=== Section Start ===
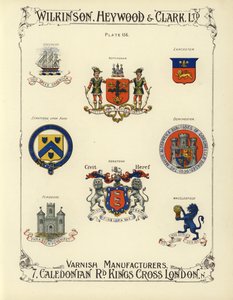 Escudos de armas de ciudades y pueblos británicos de English School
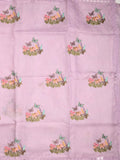 Kota fancy saree light purple color allover embroidery & fancy border with printed pallu and printed blouse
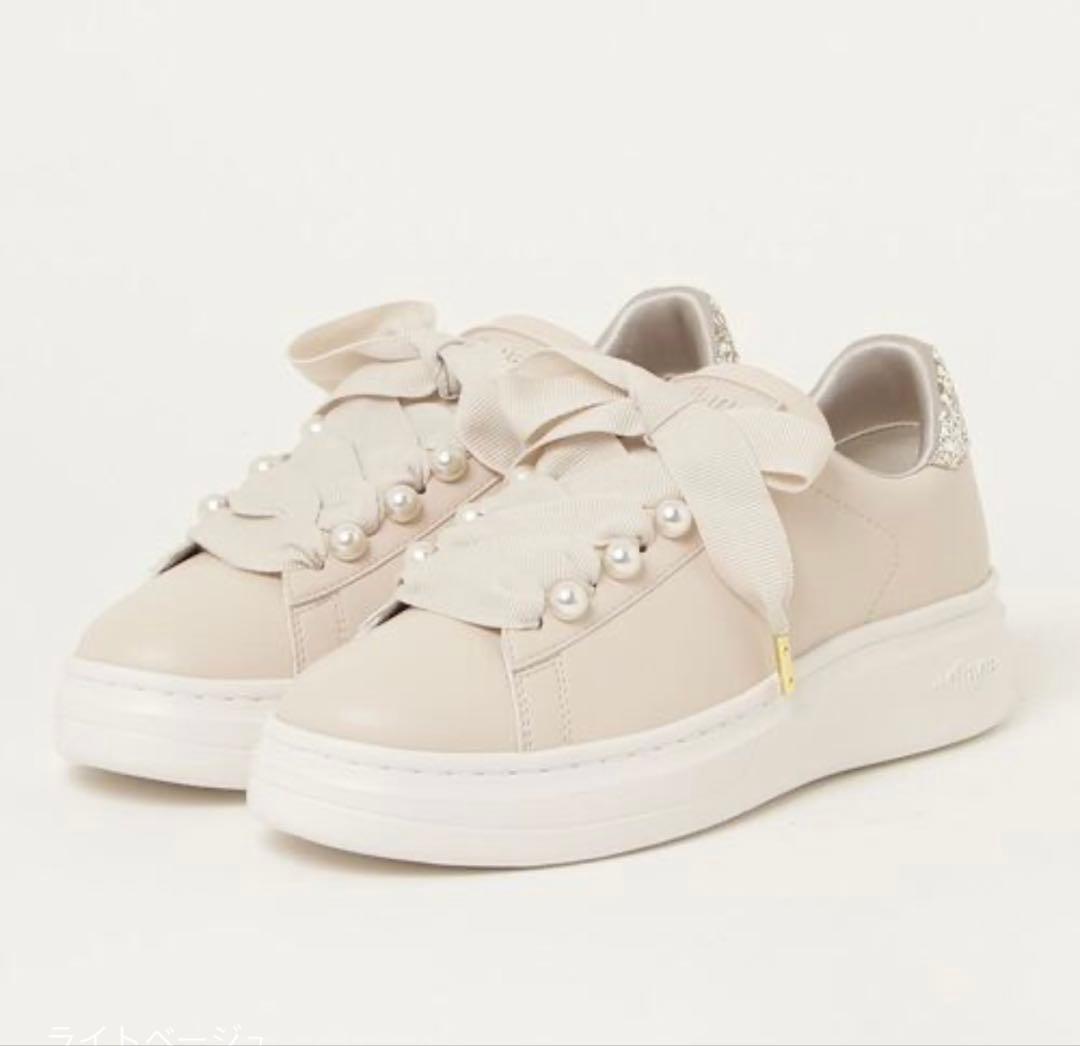 DIANA プラスダイアナ パールビジュー付きリボンスニーカー 23.5cm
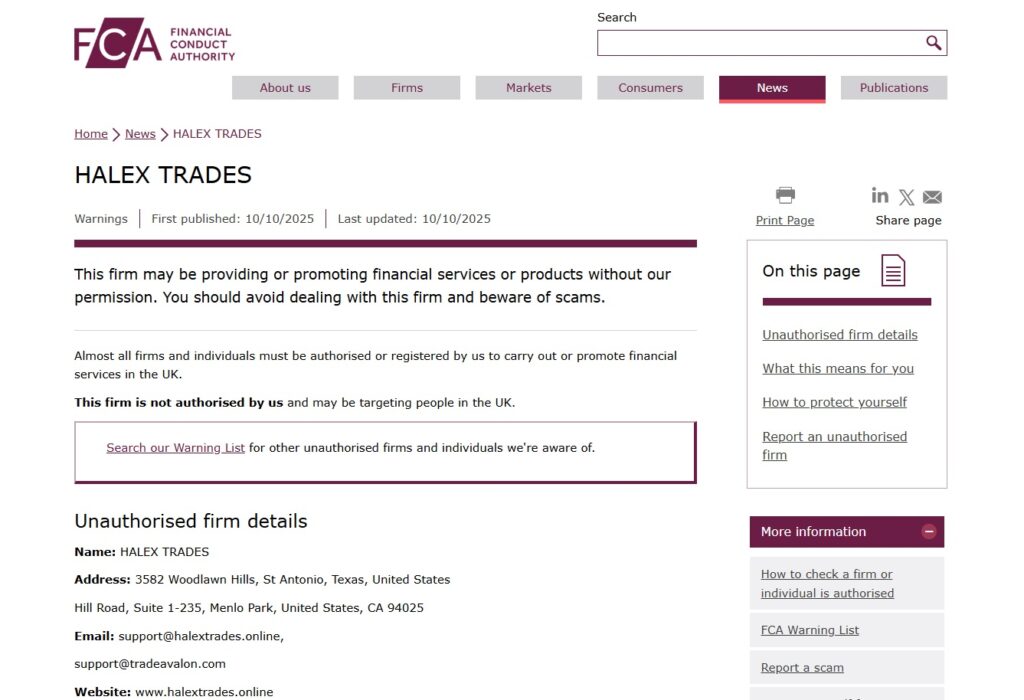 HALEX TRADES Review – Important Insights Before You Invest in halextrades.online 2 HALEX-TRADES-FCA-Warning
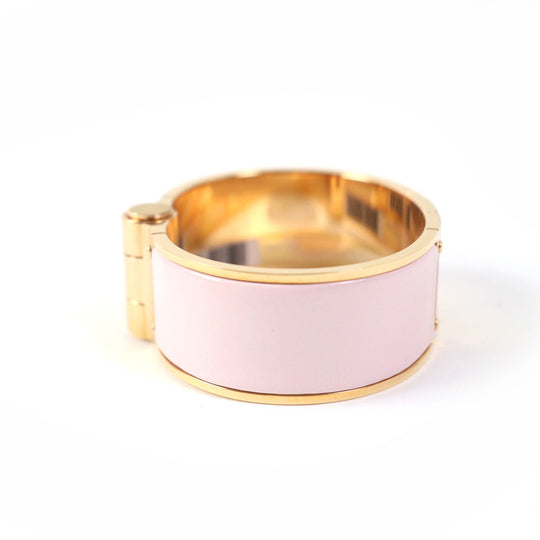 HERMES Bangle Enamel, Gold Plated Pink gold Charniere GM Women Used Authentic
=== Section End ===
Would you restate the listing word for word without its pictures?

**Response box:**
 Escudos de armas de ciudades y pueblos británicos de English School
 Kota fancy saree light purple color allover embroidery & fancy border with printed pallu and printed blouse
 DIANA プラスダイアナ パールビジュー付きリボンスニーカー 23.5cm
 HALEX TRADES Review – Important Insights Before You Invest in halextrades.online 2 HALEX-TRADES-FCA-Warning
 HERMES Bangle Enamel, Gold Plated Pink gold Charniere GM Women Used Authentic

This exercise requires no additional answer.